NEW YORK, March 20 (AP) — Amazon plans to cut 9,000 more jobs in the coming weeks, Chief Executive Andy Jassy said in a memo to employees on Monday.
The layoffs would be the second largest in the company’s history, having said it would cut 18,000 jobs in January.
However, the company has doubled its workforce during the pandemic amid a hiring surge across nearly the entire tech industry.
In the memo, Jassy said the second phase of the company’s annual planning process — identifying which areas of the business to cut — was completed this month and resulted in additional layoffs. Amazon will still be hiring in some strategic areas, he said.
Read also | Bees vs Dogs! In South Texas, an unusual bee attack claimed the lives of two pet dogs.

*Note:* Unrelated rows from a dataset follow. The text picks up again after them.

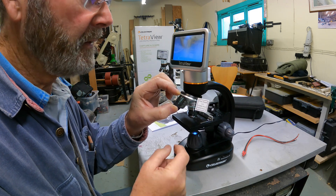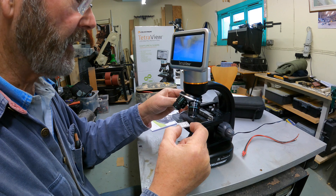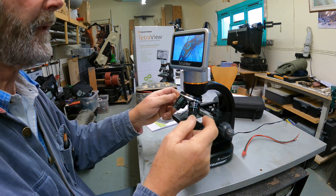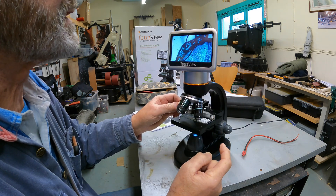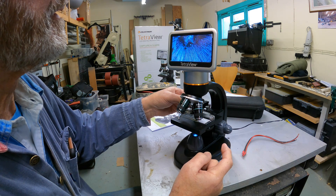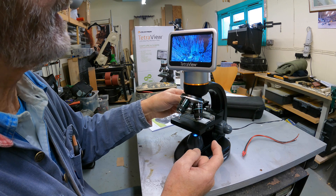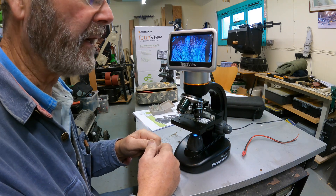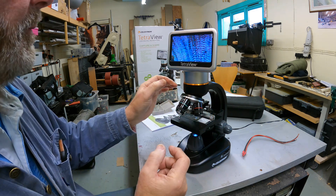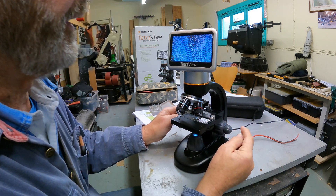I've selected a specimen - it's described as pine wood on its glass slide. I'm going to put that onto the stage, hold the spring back, and put it into position. You can see on the screen the specimen is there, and we can move the stage to center it. I've got it on the 40 times magnification. If I rotate it to the 100 times magnification - there we are, you can see we've got a closer view, and we may have to focus it again using the smaller knob to bring it into focus.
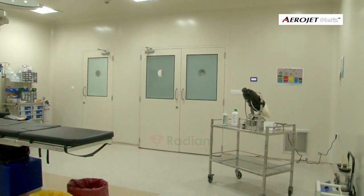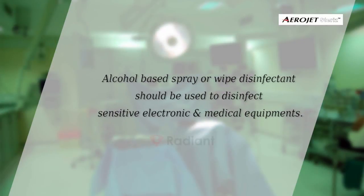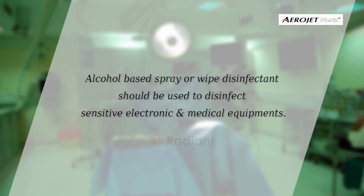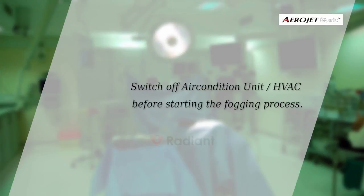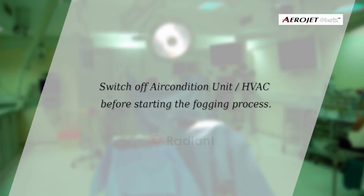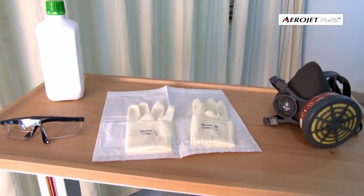and wiping with recommended disinfection solution. Alcohol and base spray or wipe disinfection should be used to disinfect sensitive electronic and medical equipment. Always switch off the air conditioning unit before starting the process. Use necessary safety equipment as recommended by the disinfectant label.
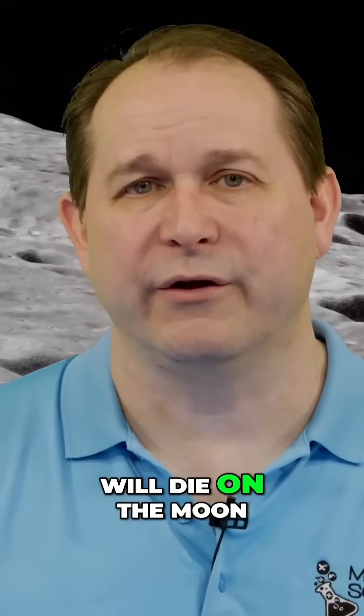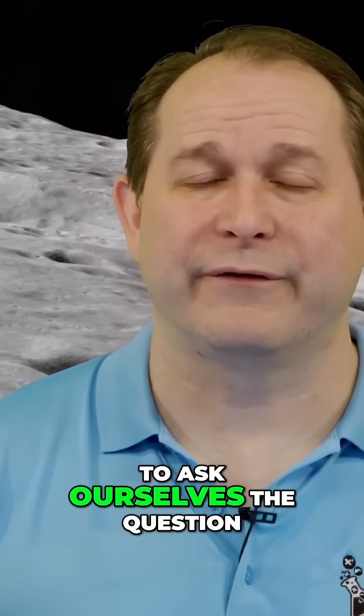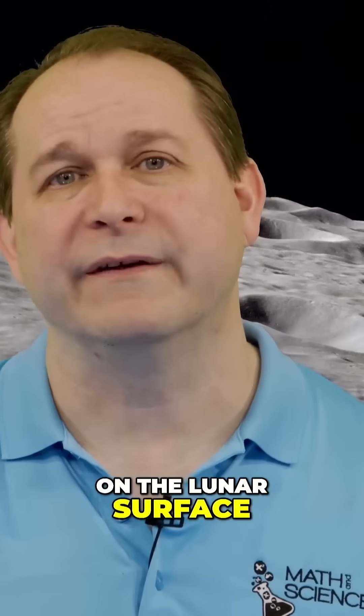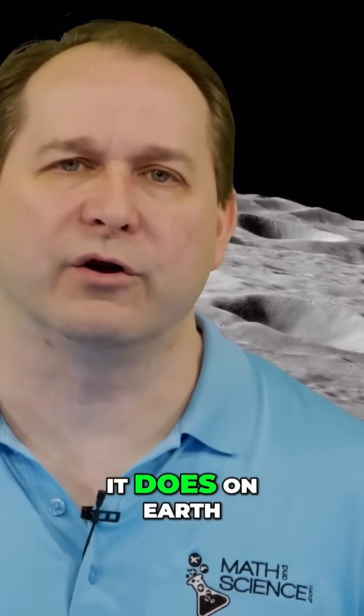But eventually, an astronaut will die on the moon. And so we have to ask ourselves the question, if we took a body and buried it on the lunar surface, would the body decompose in the way that it does on Earth?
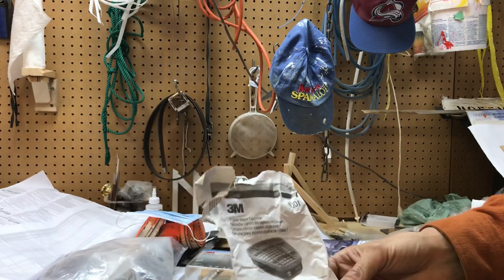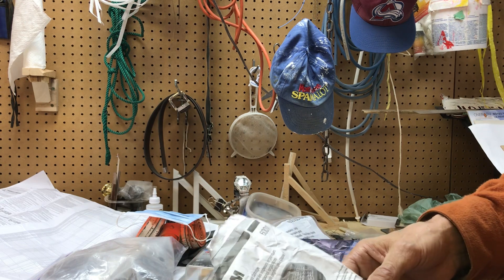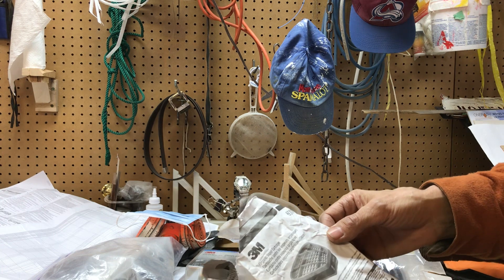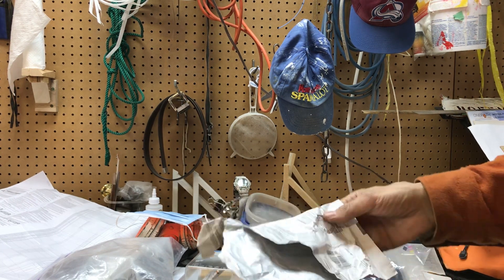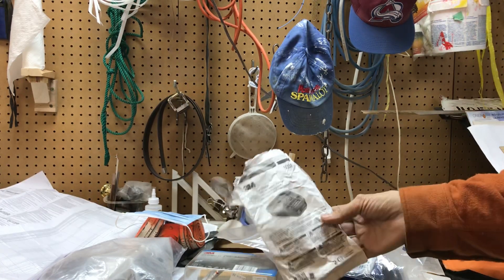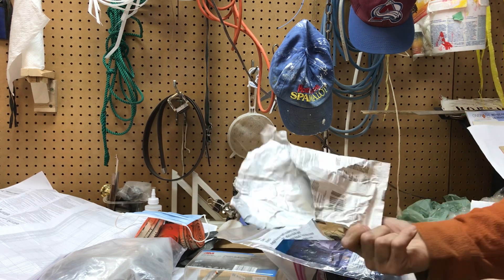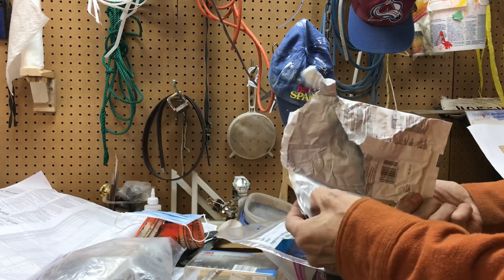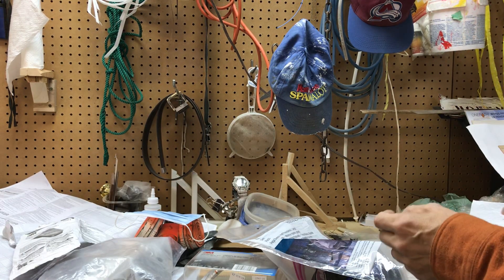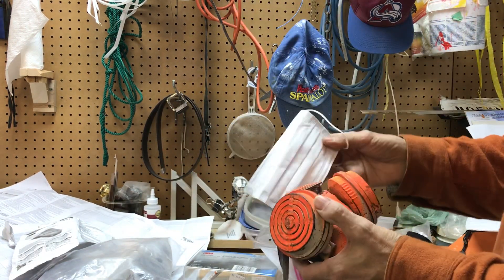This is a video on respirators, how I store mine, and what to be careful about to make them last a really long time. You can make even just the dust filters last a really long time. The envelope that the chemical cartridges come in is the most important thing in the package — it's airtight, sealed right from the factory. I'm going to show you how to keep your cartridge for a long time.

“Some may ask why we didn’t announce these layoffs in the midst of the layoffs we announced a few months ago. The short answer is that not all of the teams had completed their analysis in late autumn; In the rush to complete these assessments due to the circumstances, we chose to share these decisions we made so that people have the information as quickly as possible,” Jassy said.
This time, the layoffs will hit the company’s profitable areas, including its cloud-computing unit AWS and its nascent advertising business. Amazon-owned gaming platform Twitch will also cut staff, as will Amazon’s PXT organization, which handles human resources and other functions.
The previous layoffs also affected the company’s stores division, PXT, which includes its e-commerce business as well as the company’s brick-and-mortar stores, such as Amazon Fresh and Amazon Go, and other units, such as the one that runs the virtual assistant Alexa.
Amazon has also been cutting spending in other areas. Earlier this month, the company said it was suspending construction on its northern Virginia headquarters building, though the first phase of the project will open in June with 8,000 employees.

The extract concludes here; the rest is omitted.